Clearly we are looking at a solution that is simple in it’s core – technology heavy yet community and participation intense.

Now that is sweet.

The solution need to provide some quality assurance and build up a reputation for the contributors (yet work for unknown and alternative voices which are more likely to be part of news worthy events). Some of the main challenges faced (and at the same time model opportunities) are:

  • Digg voting type of solutions leads to group fractioning. Similar models here include Wikipedia where you give the power to a few selected users, why you still have an issue to get the less strong yet very valid voices heard. If you fraction the community you will balance on a thin line where you easily can create a complete distrust of the system which projects on the quality of the content on the long term.
  • PageRank type solutions lead to the survival of the strongest and/or reputable only. The hierarchy has been set which makes it very hard for new entrants in the space and for new, unknown voices to be heard. It is perfect for information seeking, but is dysfunctional for news and opinion.
  • Reputation of the single user is an interesting factor to build trust, but not solely sufficient. We have seen examples in the media industry before. For instance the tampered photos of the bombings of Beirut in Lebanon 2006 of a well-known Reuters photographer and the made up news stories by the New York Times journalist Jason Blair.
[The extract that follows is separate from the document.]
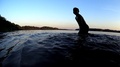 Boy Silhouette Play In Lake, Draw Water Into The Plastic Bag, Summer Evening Sky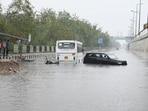 Vehicles stuck on a waterlogged road on the National Highway 24, near Vinod Nagar in East Delhi, on Friday. (Ajay Aggarwal/HT Photo) Vehicles stuck on a waterlogged road on the National Highway 24, near Vinod Nagar in East Delhi, on Friday. (Ajay Aggarwal/HT Photo)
The key aspect here is to give the benefit of doubt for reputable user yet not use it as a single measure of credibility, quality or trust.

It is obvious that the right, sustainable solution will be a combination of at least these three ranking attributes. Basically you turn your challenges into assets in the editing process, as well as use them as opportunities to address the business concerns. This combination will be much more scalable, much more robust, completely technology based and still addresses all the issues with the ranking of user generated content. This is especially true for the long tail market where the amount of content is just too big for humans too handle – both practical and consistently. Think of it as a simulation of the traditional newsroom process yet with less bias.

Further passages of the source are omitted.